**WORK TO COMPLETE**
Please write out the data that follows, word for word.

··· INFORMATION PROVIDED ···

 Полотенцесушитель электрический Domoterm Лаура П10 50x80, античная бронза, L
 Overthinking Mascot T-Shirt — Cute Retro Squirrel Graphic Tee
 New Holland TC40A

···

**EXPECTED ANSWER**
 Полотенцесушитель электрический Domoterm Лаура П10 50x80, античная бронза, L
 Overthinking Mascot T-Shirt — Cute Retro Squirrel Graphic Tee
 New Holland TC40A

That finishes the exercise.